■ **WHAT IS REQUIRED**:
Take the line that contains "Herren-Laufschuhe Nike Run" and each line after it to the end of the material below, and return them exactly, minus the pictures.

■ **DATA**:
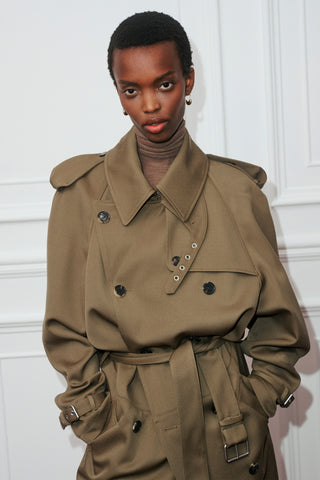 LOOK_12_DETTAGLIO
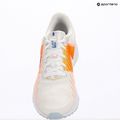 Herren-Laufschuhe Nike Run Defy white/topaz gold/blue crystal 6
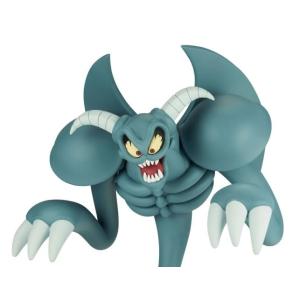 コナミデジタルエンタテインメント 遊戯王OCGデュエルモンスターズ 壺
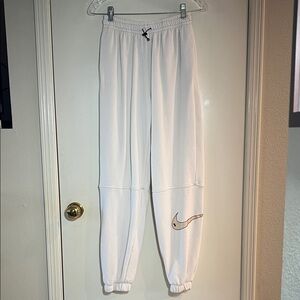 Nike Men’s Jogger Sweatpants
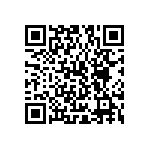 CMF557K8700BHEB QRCode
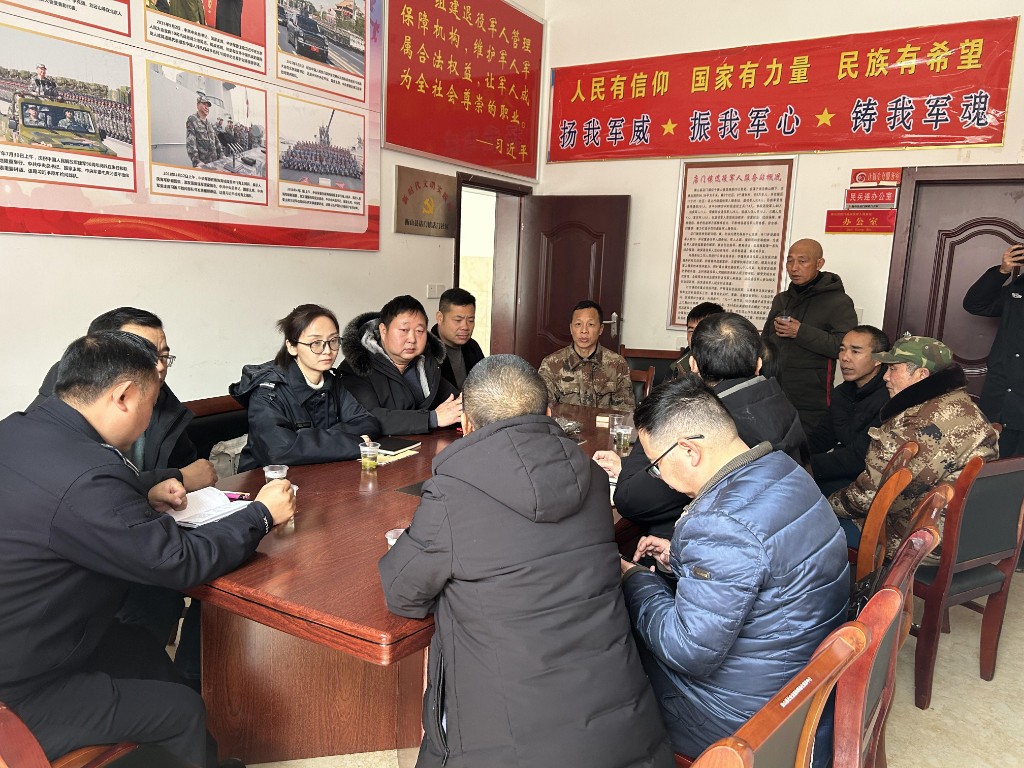 图片5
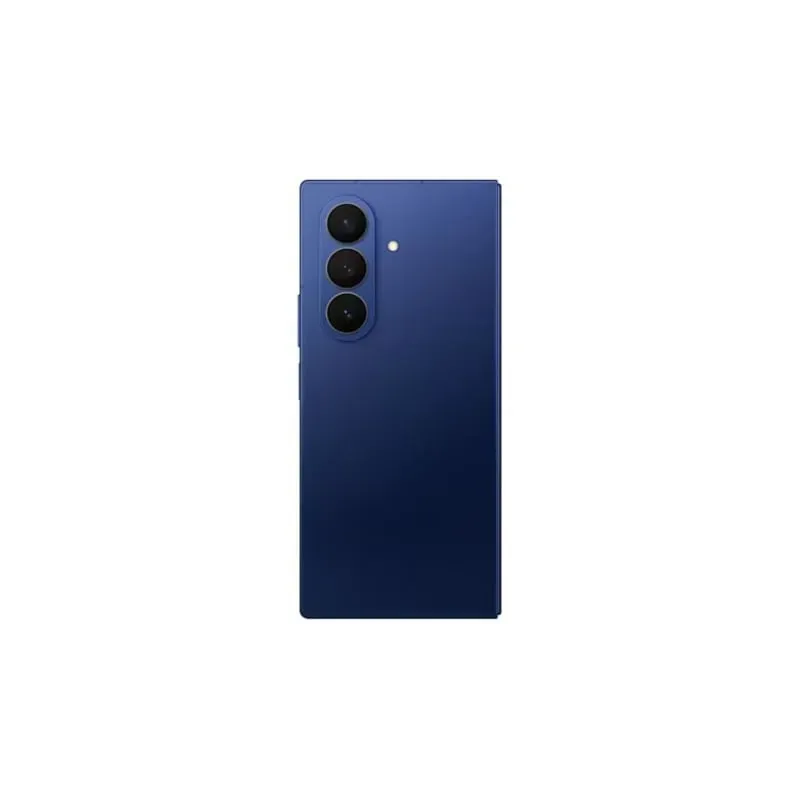 Smartphone Samsung Galaxy Z Fold7 | Ficha del modelo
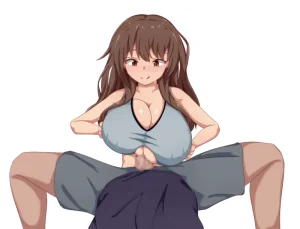 Niku no Futou Yumemi-chan Suyasuya Choukyouroku - Page 395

■ **ANSWER BOX**:
 Herren-Laufschuhe Nike Run Defy white/topaz gold/blue crystal 6
 コナミデジタルエンタテインメント 遊戯王OCGデュエルモンスターズ 壺
 Nike Men’s Jogger Sweatpants
 CMF557K8700BHEB QRCode
 图片5
 Smartphone Samsung Galaxy Z Fold7 | Ficha del modelo
 Niku no Futou Yumemi-chan Suyasuya Choukyouroku - Page 395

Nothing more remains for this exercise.